Records contained in a dataset:
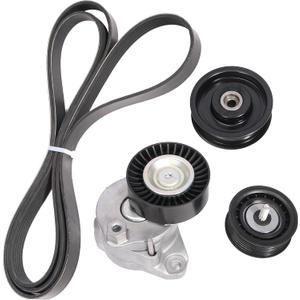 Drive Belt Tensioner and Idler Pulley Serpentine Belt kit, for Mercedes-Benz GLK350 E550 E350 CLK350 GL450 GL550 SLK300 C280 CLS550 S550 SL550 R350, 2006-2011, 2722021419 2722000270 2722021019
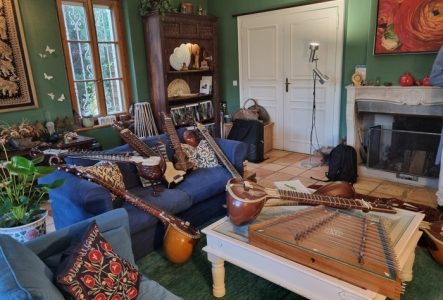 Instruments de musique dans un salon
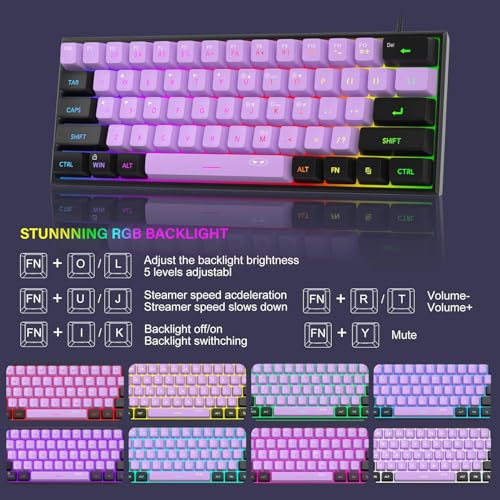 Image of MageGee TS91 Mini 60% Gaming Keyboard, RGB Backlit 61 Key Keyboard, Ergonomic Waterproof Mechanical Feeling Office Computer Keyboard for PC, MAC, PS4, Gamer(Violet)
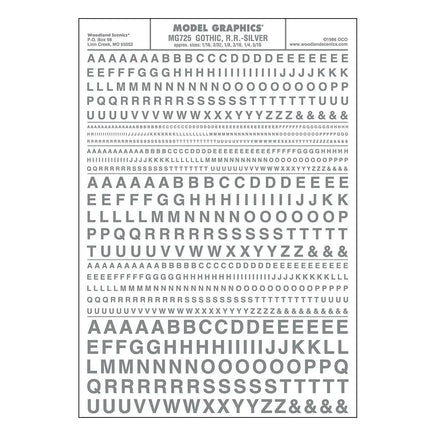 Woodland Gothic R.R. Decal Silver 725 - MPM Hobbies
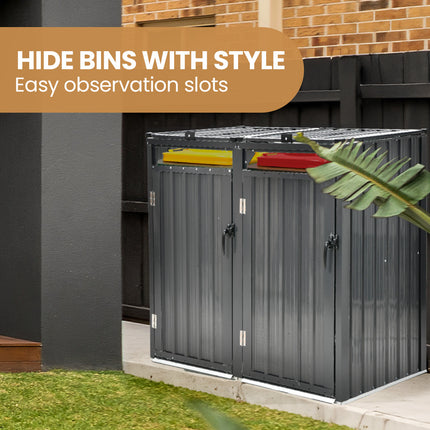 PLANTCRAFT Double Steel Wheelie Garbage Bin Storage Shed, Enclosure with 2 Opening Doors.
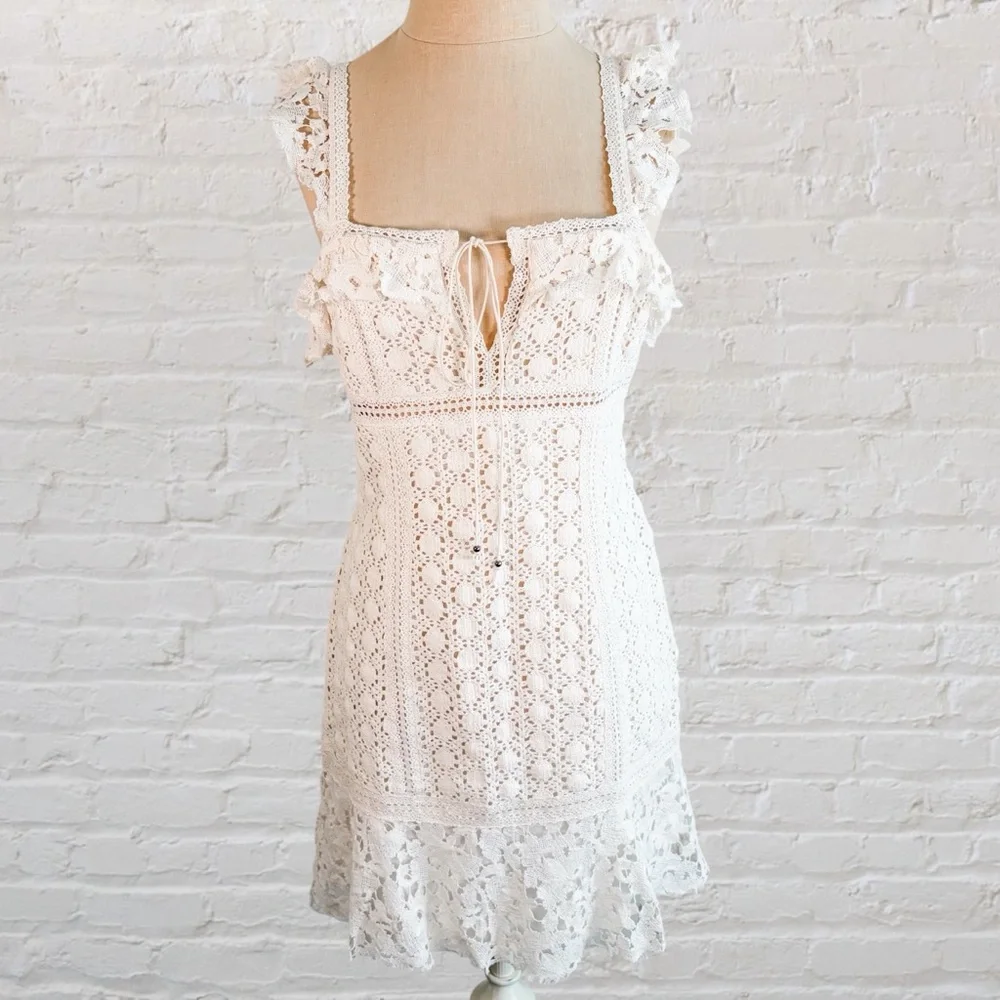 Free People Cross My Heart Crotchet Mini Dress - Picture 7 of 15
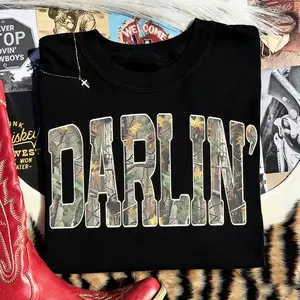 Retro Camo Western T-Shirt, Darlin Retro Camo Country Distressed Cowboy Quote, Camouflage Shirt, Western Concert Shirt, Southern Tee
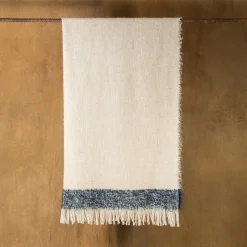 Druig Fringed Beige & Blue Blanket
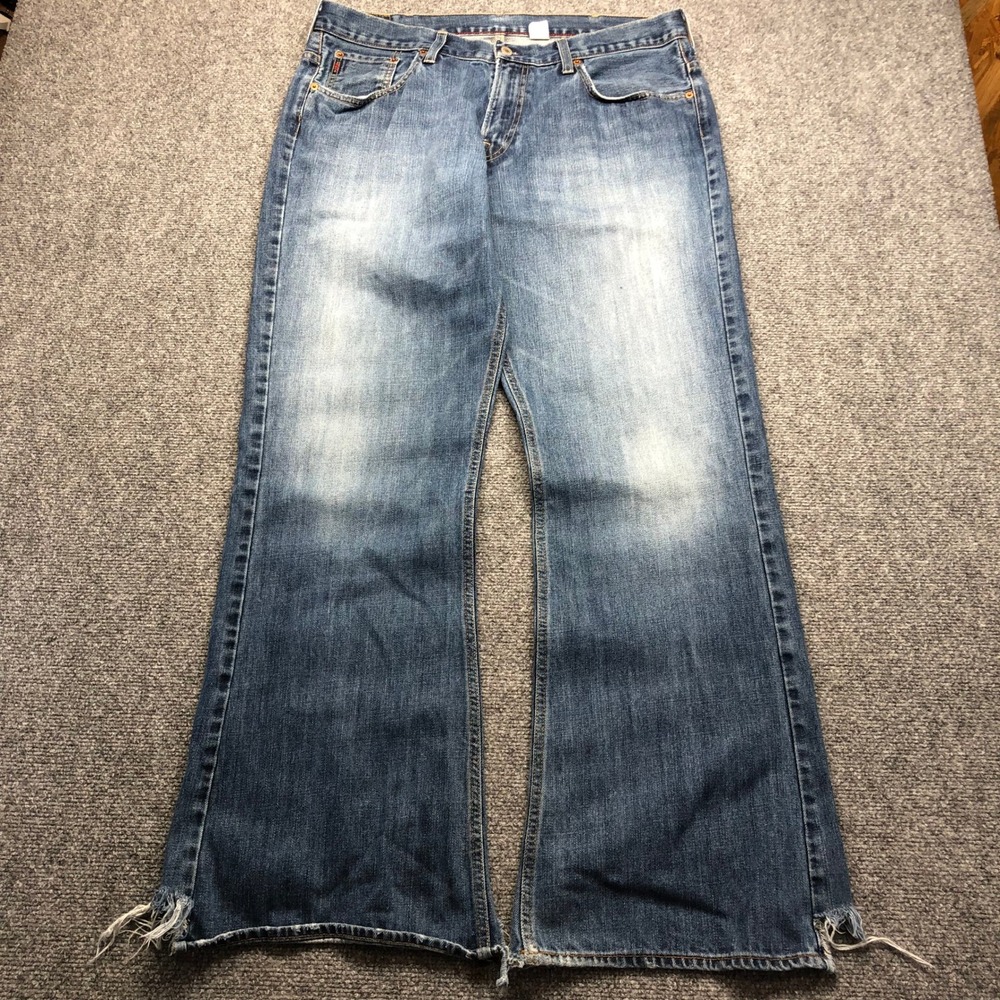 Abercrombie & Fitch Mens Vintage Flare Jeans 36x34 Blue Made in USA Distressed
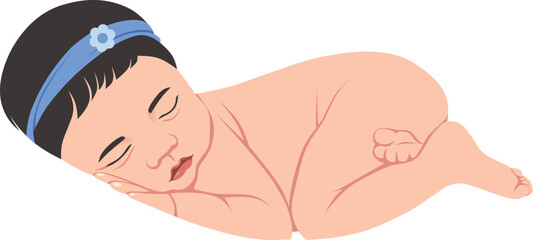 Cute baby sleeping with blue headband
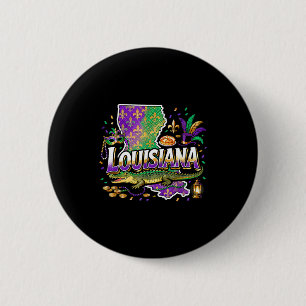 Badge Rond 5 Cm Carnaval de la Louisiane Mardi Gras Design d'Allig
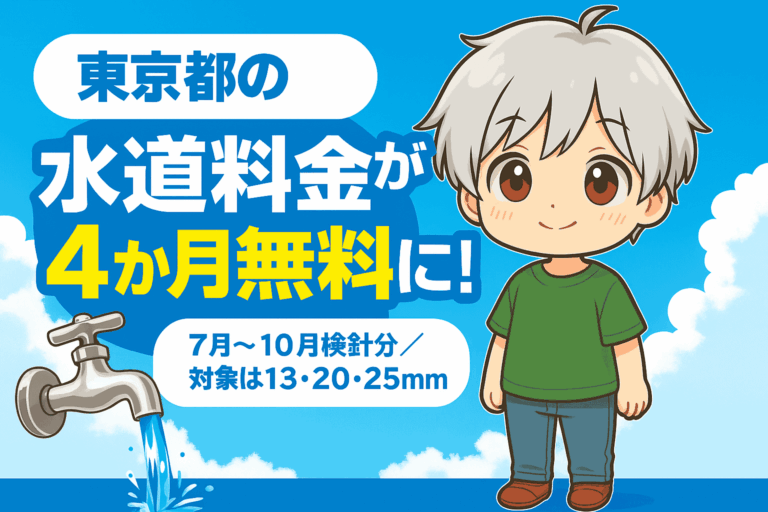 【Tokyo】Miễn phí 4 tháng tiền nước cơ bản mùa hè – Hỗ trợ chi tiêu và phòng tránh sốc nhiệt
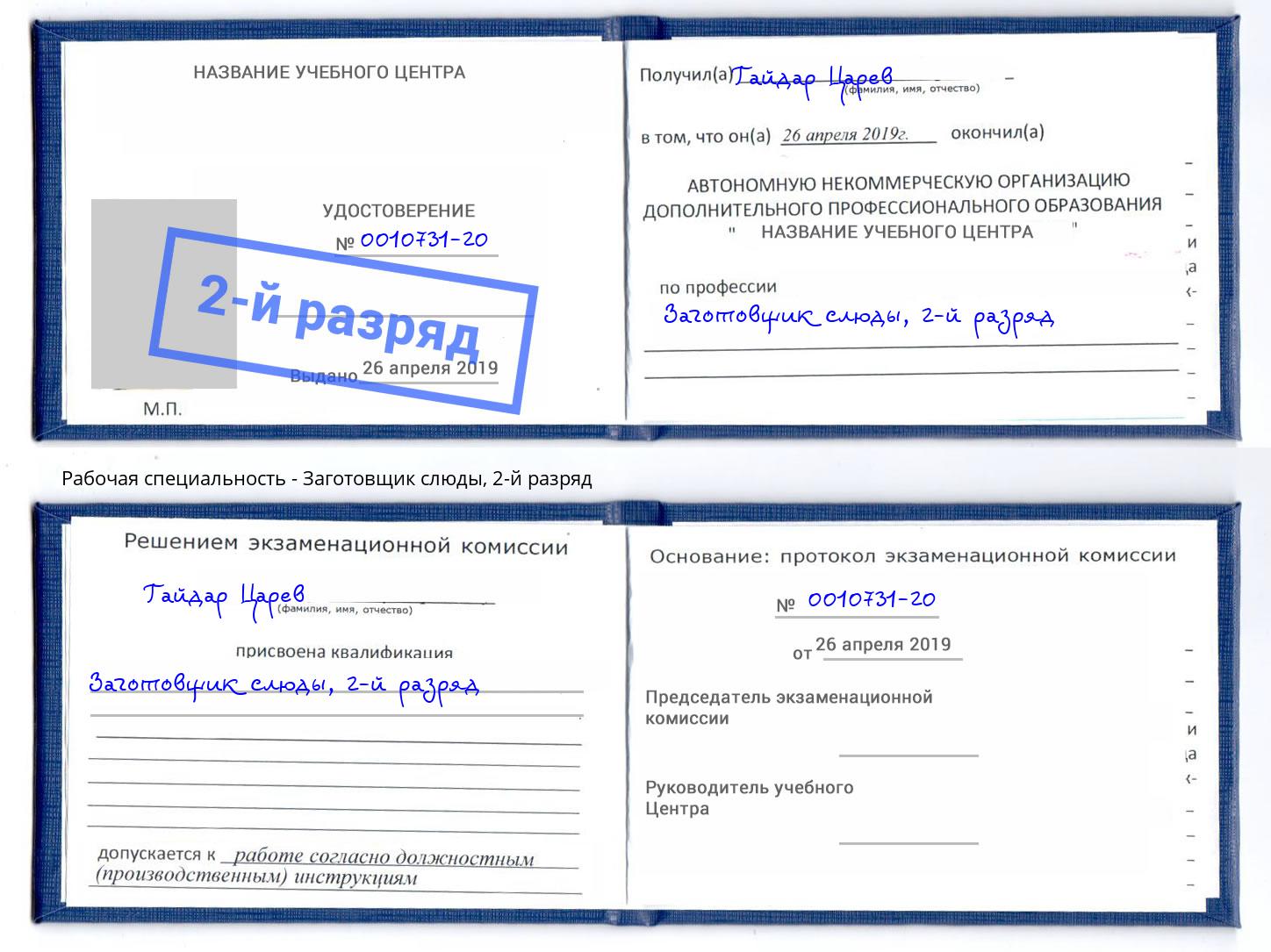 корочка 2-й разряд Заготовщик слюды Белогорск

* **EXERCISE DETAILS**: From the data above, return only the lines starting at the line that holds "Woodland Gothic R.R." and ending at the line that holds "Druig Fringed Beige & Blue Blanket", word for word and without pictures.

* **REPLY TO THE EXERCISE**:
 Woodland Gothic R.R. Decal Silver 725 - MPM Hobbies
 PLANTCRAFT Double Steel Wheelie Garbage Bin Storage Shed, Enclosure with 2 Opening Doors.
 Free People Cross My Heart Crotchet Mini Dress - Picture 7 of 15
 Retro Camo Western T-Shirt, Darlin Retro Camo Country Distressed Cowboy Quote, Camouflage Shirt, Western Concert Shirt, Southern Tee
 Druig Fringed Beige & Blue Blanket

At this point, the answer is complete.